WORK REQUIRED
Give again, word for word, the lines below that run from the line with "Odolplusz Hundebett Hundekorb" through the line with "AUTUUCKEE 7 Pcs". Drop the pictures.

RECORDS PROVIDED
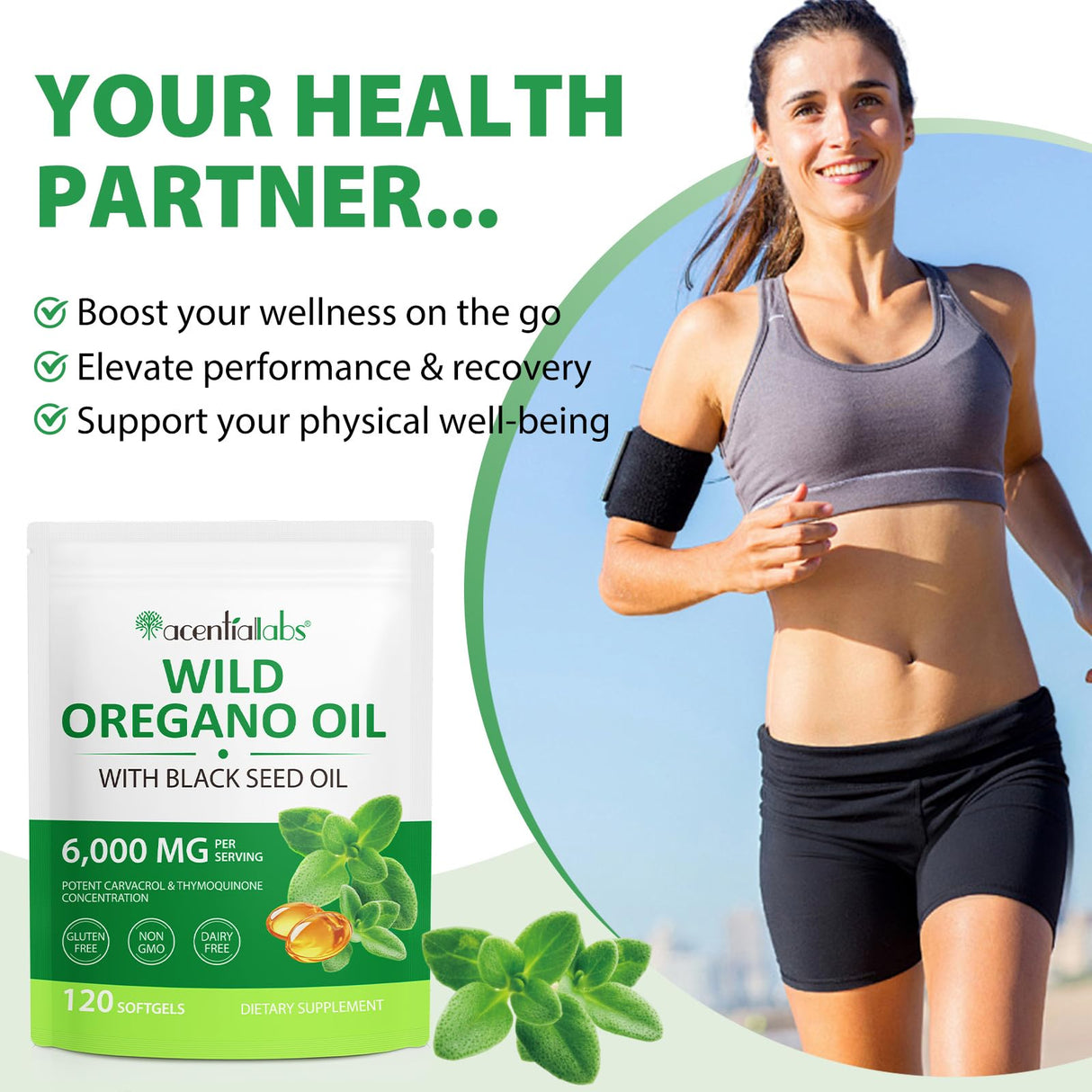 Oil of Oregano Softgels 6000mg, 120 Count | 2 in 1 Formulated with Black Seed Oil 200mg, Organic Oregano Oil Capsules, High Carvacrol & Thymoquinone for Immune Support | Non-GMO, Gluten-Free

...

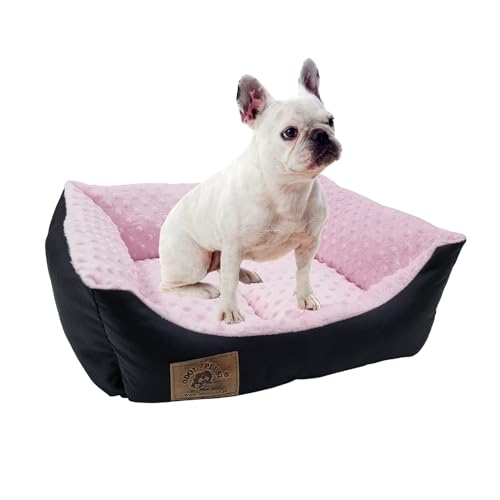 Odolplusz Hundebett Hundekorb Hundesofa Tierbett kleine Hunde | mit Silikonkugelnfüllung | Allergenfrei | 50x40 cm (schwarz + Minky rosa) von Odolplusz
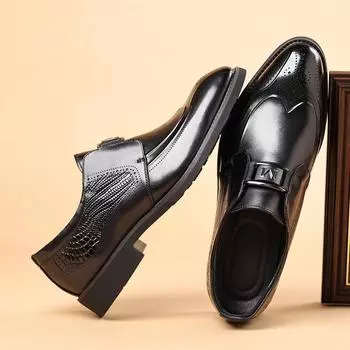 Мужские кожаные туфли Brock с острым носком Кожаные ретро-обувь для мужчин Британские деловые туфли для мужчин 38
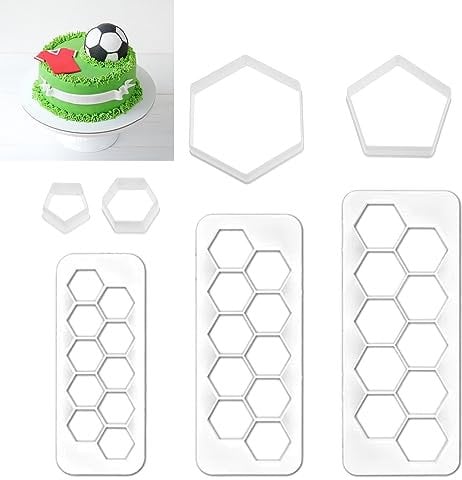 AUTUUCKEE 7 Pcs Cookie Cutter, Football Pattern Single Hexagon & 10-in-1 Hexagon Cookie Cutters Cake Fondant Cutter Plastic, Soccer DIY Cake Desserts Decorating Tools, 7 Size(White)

...

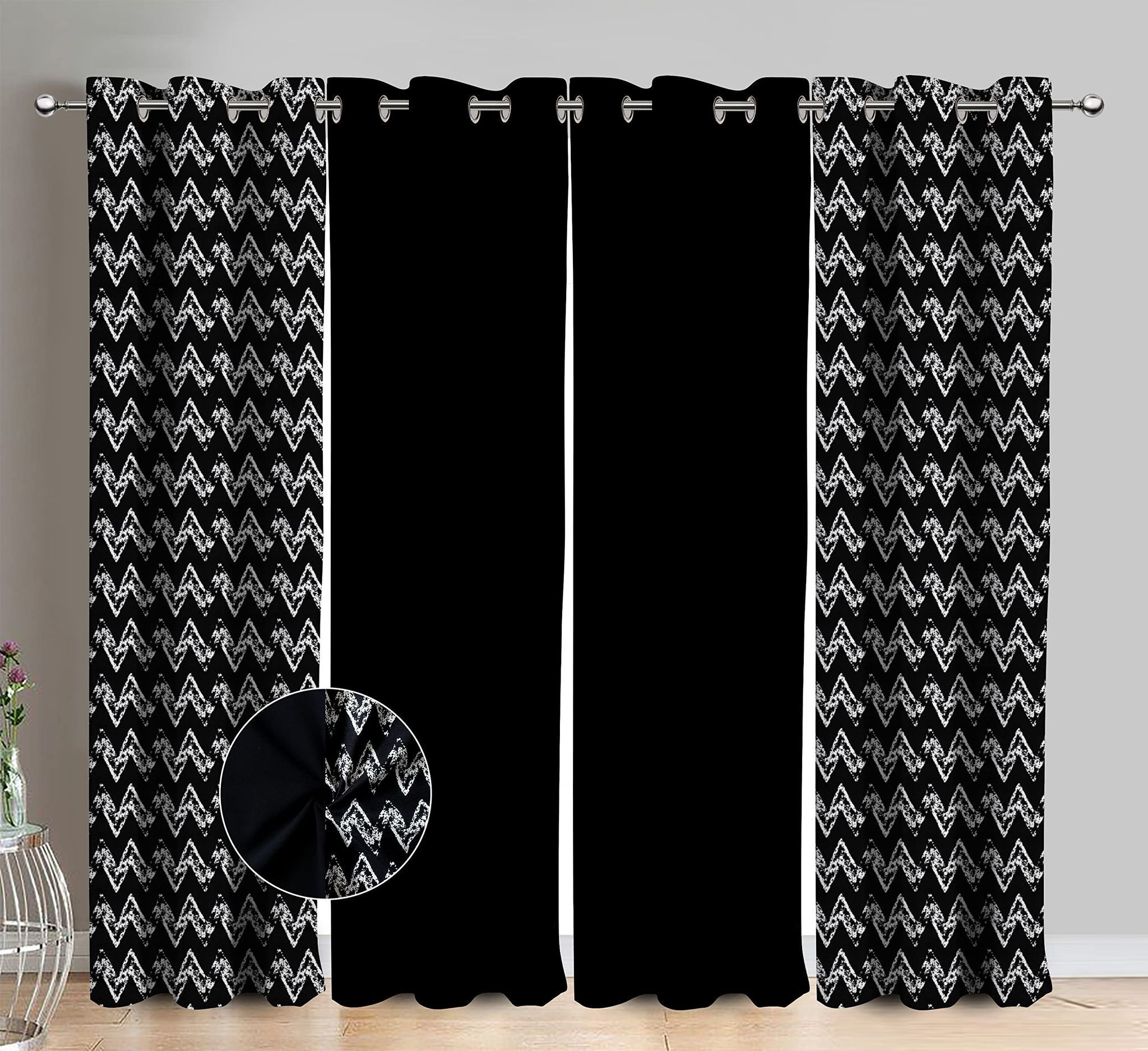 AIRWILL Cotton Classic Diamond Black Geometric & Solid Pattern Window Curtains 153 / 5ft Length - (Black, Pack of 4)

SOLUTION TO THE PROBLEM
 Odolplusz Hundebett Hundekorb Hundesofa Tierbett kleine Hunde | mit Silikonkugelnfüllung | Allergenfrei | 50x40 cm (schwarz + Minky rosa) von Odolplusz
 Мужские кожаные туфли Brock с острым носком Кожаные ретро-обувь для мужчин Британские деловые туфли для мужчин 38
 AUTUUCKEE 7 Pcs Cookie Cutter, Football Pattern Single Hexagon & 10-in-1 Hexagon Cookie Cutters Cake Fondant Cutter Plastic, Soccer DIY Cake Desserts Decorating Tools, 7 Size(White)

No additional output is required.